TASK ITEM: Take the data below and filter it for lines containing the word "been"; show each line found.

--- GIVEN DATA Enclosed Below ---

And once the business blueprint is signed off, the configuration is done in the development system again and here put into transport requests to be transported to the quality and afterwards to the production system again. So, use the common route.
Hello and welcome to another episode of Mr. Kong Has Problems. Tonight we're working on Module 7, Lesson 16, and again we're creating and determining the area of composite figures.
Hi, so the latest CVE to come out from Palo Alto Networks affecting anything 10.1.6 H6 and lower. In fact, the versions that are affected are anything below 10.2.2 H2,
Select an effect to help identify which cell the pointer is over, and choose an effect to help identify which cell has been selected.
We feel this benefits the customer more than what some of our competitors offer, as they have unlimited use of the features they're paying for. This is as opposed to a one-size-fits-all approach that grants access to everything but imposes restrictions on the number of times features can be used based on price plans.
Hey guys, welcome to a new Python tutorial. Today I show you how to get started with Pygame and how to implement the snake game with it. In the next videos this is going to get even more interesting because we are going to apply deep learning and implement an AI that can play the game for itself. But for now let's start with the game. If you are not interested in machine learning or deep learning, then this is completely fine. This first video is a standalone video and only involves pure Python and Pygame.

--- End of Enclosed GIVEN DATA ---
--- GIVEN DATA Enclosed Below ---

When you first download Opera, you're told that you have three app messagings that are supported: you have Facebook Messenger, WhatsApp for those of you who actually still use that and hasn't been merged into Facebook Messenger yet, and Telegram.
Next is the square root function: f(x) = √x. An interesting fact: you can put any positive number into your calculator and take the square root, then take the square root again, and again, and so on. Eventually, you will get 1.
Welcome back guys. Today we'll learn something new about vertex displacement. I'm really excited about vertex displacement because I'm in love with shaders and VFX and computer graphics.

--- End of Enclosed GIVEN DATA ---

TASK RESULT:
Select an effect to help identify which cell the pointer is over, and choose an effect to help identify which cell has been selected.
When you first download Opera, you're told that you have three app messagings that are supported: you have Facebook Messenger, WhatsApp for those of you who actually still use that and hasn't been merged into Facebook Messenger yet, and Telegram.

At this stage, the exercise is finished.